The springs of the levers are formed out of the solid metal of the levers themselves, and are thus not liable to that displacement which so often occurs with separate springs, nor to the corrosion by oxidation incidental to steel springs. They are cut round the corner, and down the front of the lever, to gain greater elasticity.

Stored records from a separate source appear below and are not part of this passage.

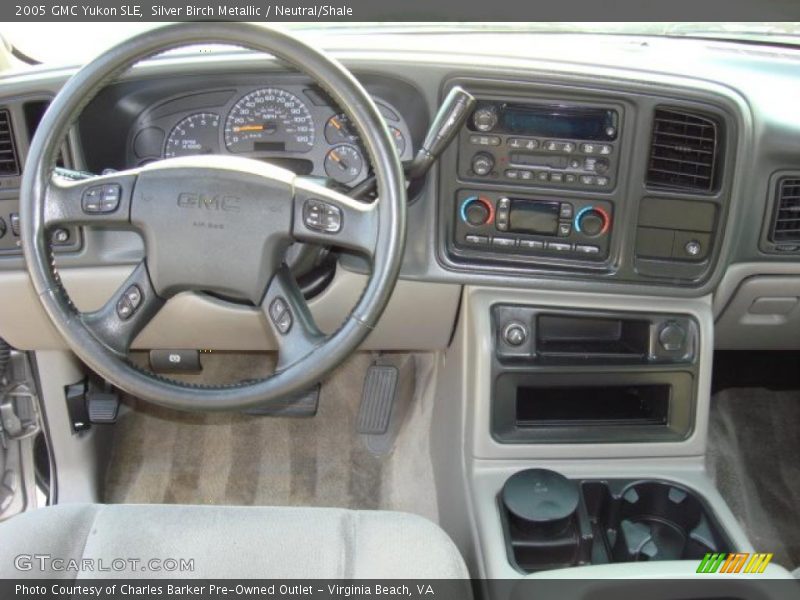 Silver Birch Metallic / Neutral/Shale 2005 GMC Yukon SLE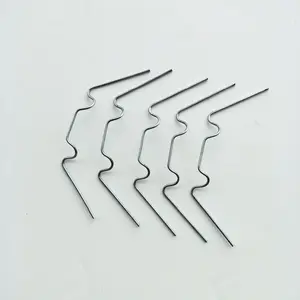 China made bending spring clips stainless steel spring clips for greenhouse glass Metal Wire formed supplier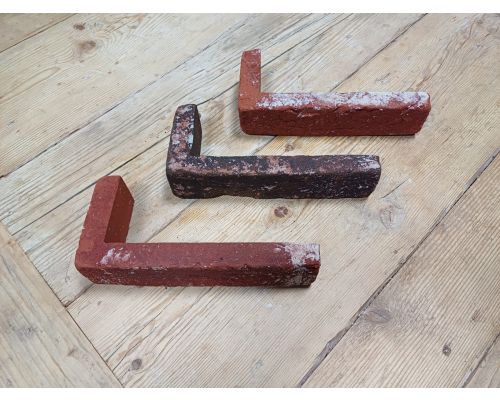 Hoekstrip Bommels antiek getrommeld waalformaat.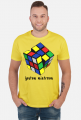 rubics cube shirt ON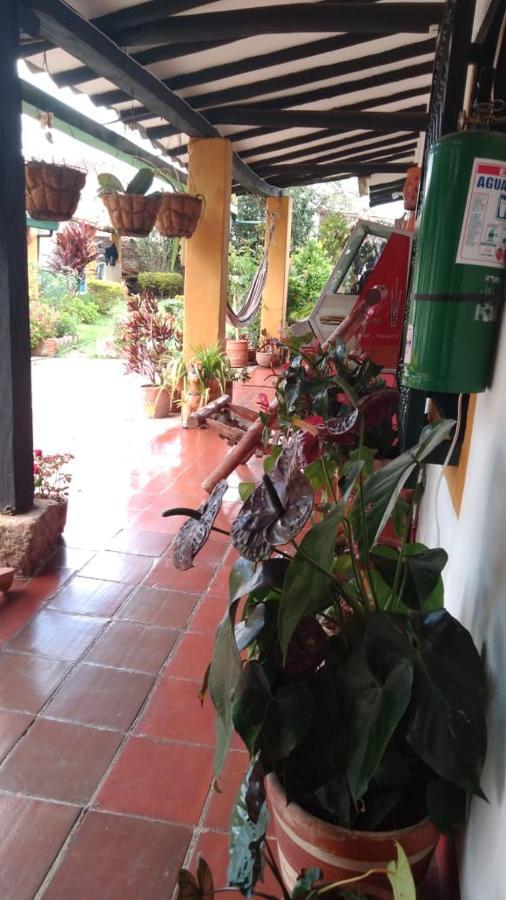 Hospederia Colonial De Villa De Leyva Esterno foto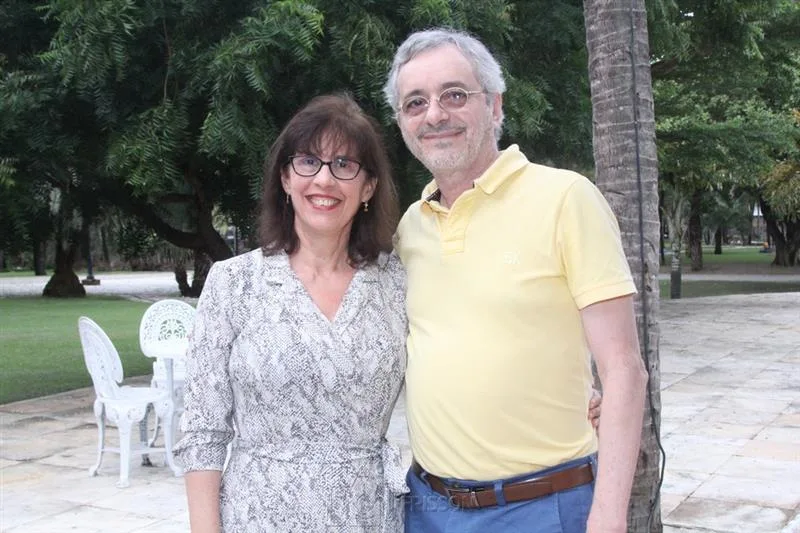 Ana Virginia Medeiros e Renato Ribeiro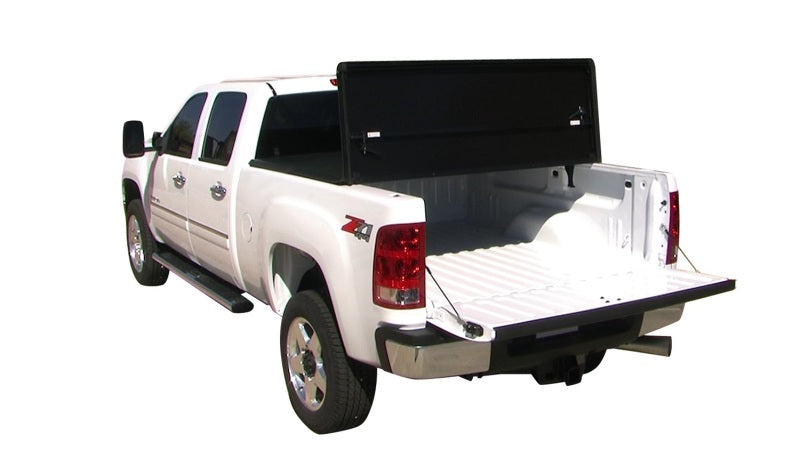 Tonno Pro 05+ Nissan Frontier 5ft Styleside Hard Fold Tonneau Cover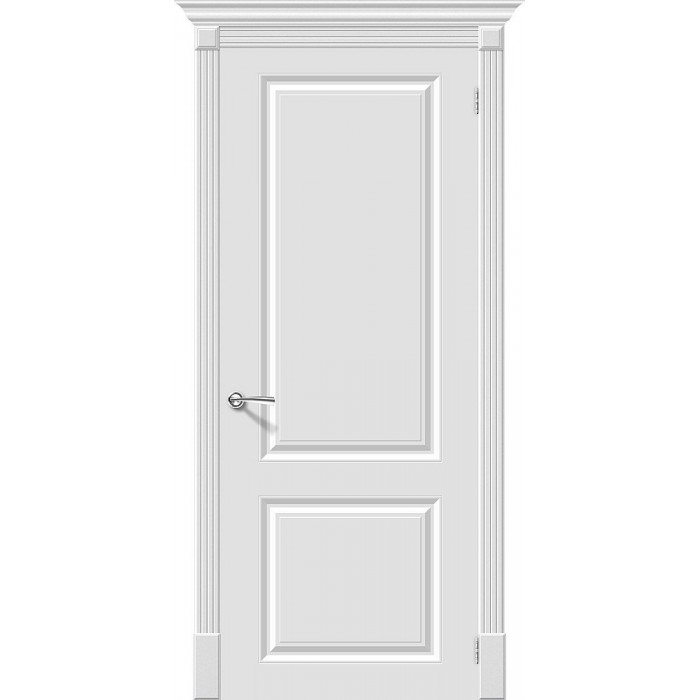 Межкомнатная дверь Скинни-12 Whitey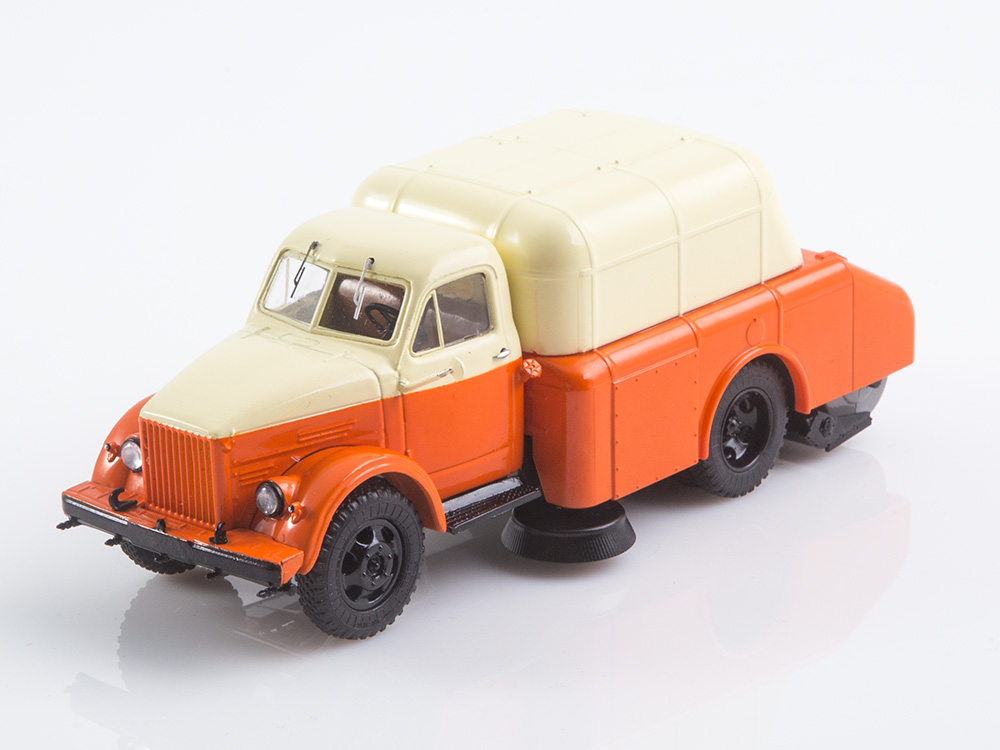 1:43 ПУ-20 (51А), бежевый / оранжевый - SSM1590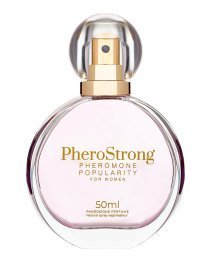 Feromoniniai kvepalai moterims „Popularity for Women“, 50 ml - PheroStrong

In [fig. 65] the lock is shown with the front plate removed, and the works as they stand when unlocked. [Fig. 66] is the same, except that the works are shown locked, and the back plate removed instead of the front. [Fig. 67] shows the front view of [fig. 66]. [Fig. 68] shows the result of any attempt to pick the lock by pressure.

fig. 66.

fig. 67.

fig. 68.

The lock being locked, as shown in figs. 66 and 67, it will be seen that the stop a just clears the angle d of the bolt-head. Further, that the gatings r of the levers l cannot pass the stump s, unless the levers be so lifted as to coincide with each other and the stump. The stop a being held up by a very light pressure from the lever springs, a small force applied to the stump s is sufficient to upset its equilibrium, and bring down its end a² upon the bolt-head at d, as shown in [fig. 68]. This occurs whenever an attempt is made to “feel” the stump with the levers; and not only does the stop a free the levers from all pressure, and so preserve them and the stump from injury, and the lock from being picked, but it also forms a strut for securing the bolt: in fact, no violence short of that necessary to shear the pin b can make the bolt yield.

The drawings show a mortise lock, but the improvements shown are universally applicable in the construction of locks of all kinds.